> DATA
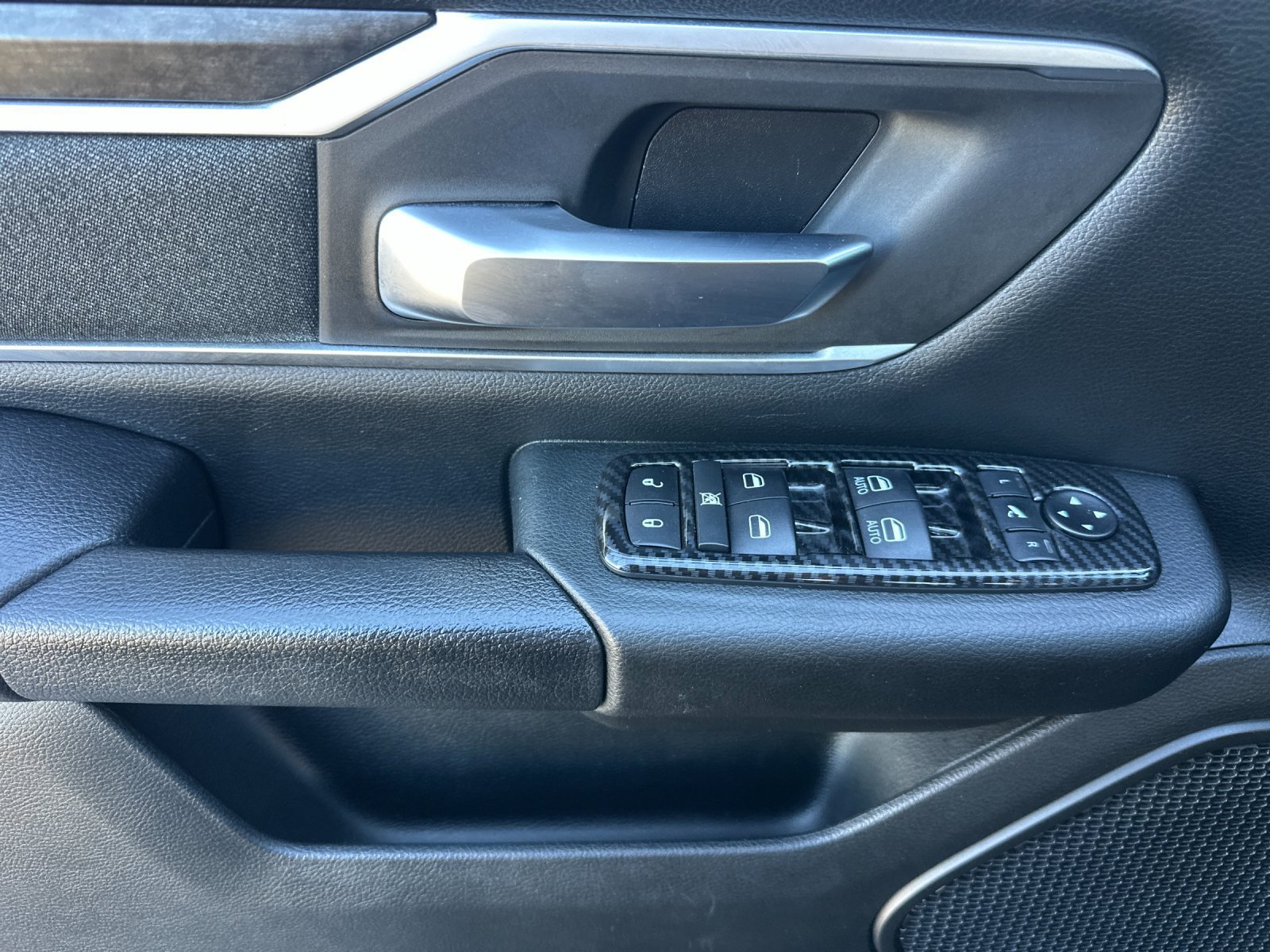 Used 2020 RAM 1500 Big Horn AWD/4WD image 11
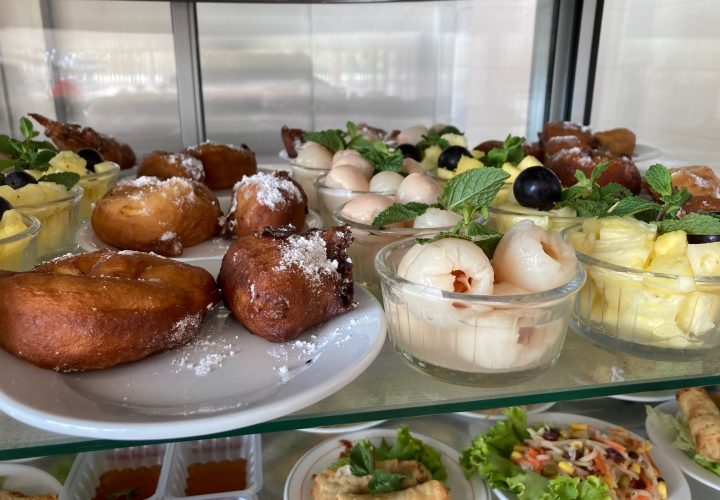 Petit-déjeuner à l'hôtel ou à proximité.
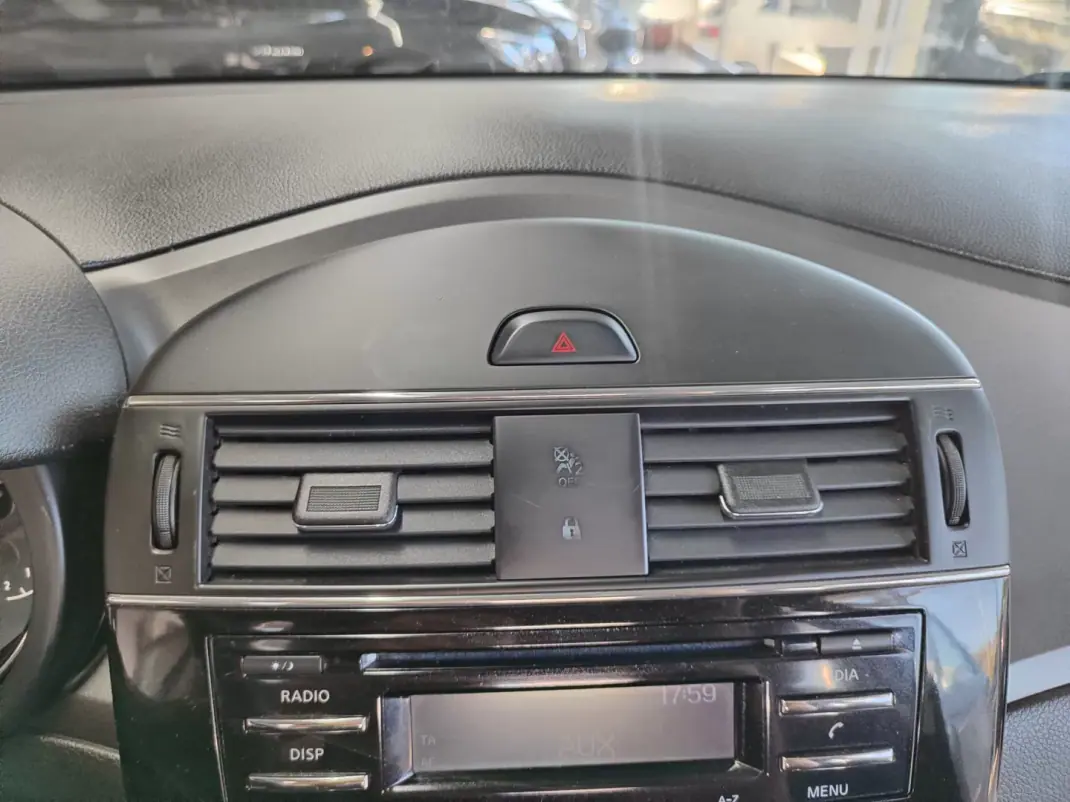 Nissan Pulsar 2016 - 9500 EUR, 102000 km - 102000km - foto 31 de 36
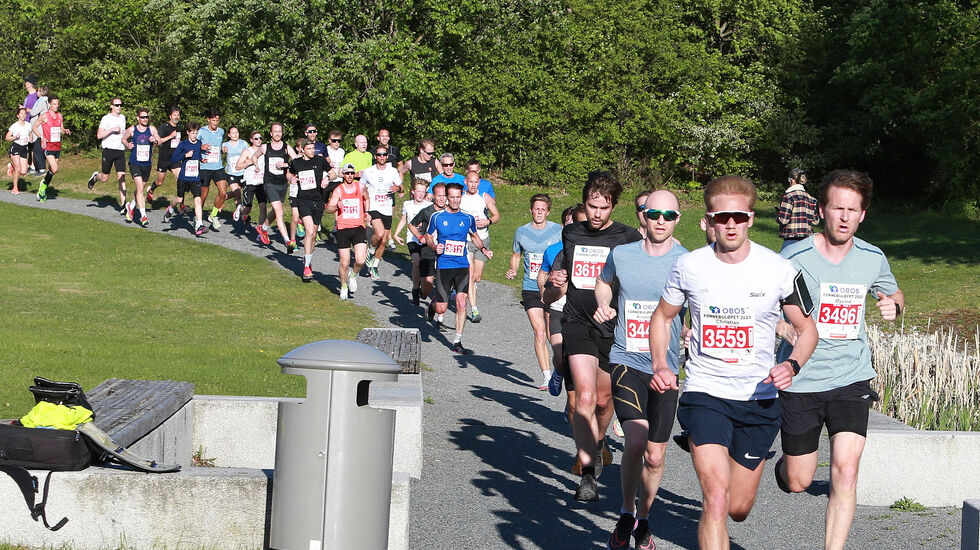 Pulje 1 passerer 4 kilometer under Fornebuløpet onsdag 24. mai. Se Kondis´ bildegalleri. (Foto: Kjell Vigestad)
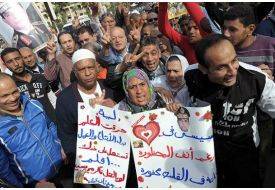 DARBE KARŞITLARI  SOKAKLARDA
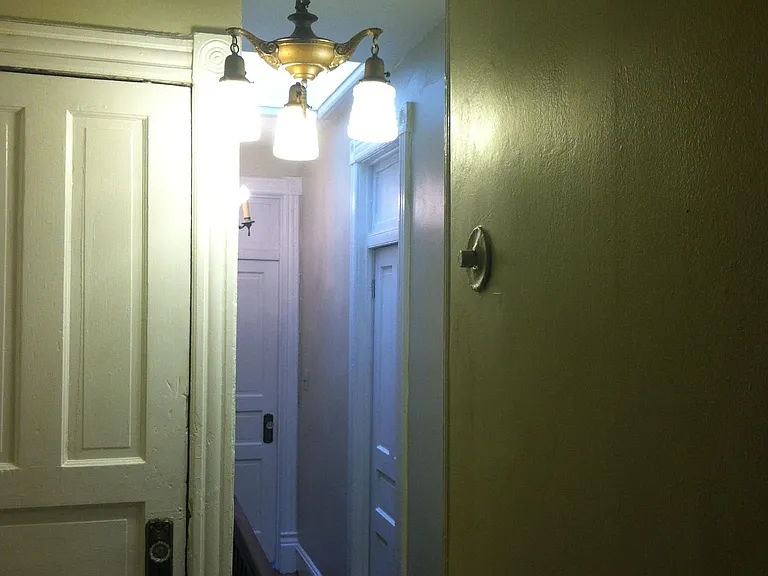 75 Seaton Pl NW — Photo 8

> WHAT IS REQUIRED
Each line above gets copied exactly; leave the pictures out.

> COMPLETED EXERCISE
 Used 2020 RAM 1500 Big Horn AWD/4WD image 11
 Petit-déjeuner à l'hôtel ou à proximité.
 Nissan Pulsar 2016 - 9500 EUR, 102000 km - 102000km - foto 31 de 36
 Pulje 1 passerer 4 kilometer under Fornebuløpet onsdag 24. mai. Se Kondis´ bildegalleri. (Foto: Kjell Vigestad)
 DARBE KARŞITLARI  SOKAKLARDA
 75 Seaton Pl NW — Photo 8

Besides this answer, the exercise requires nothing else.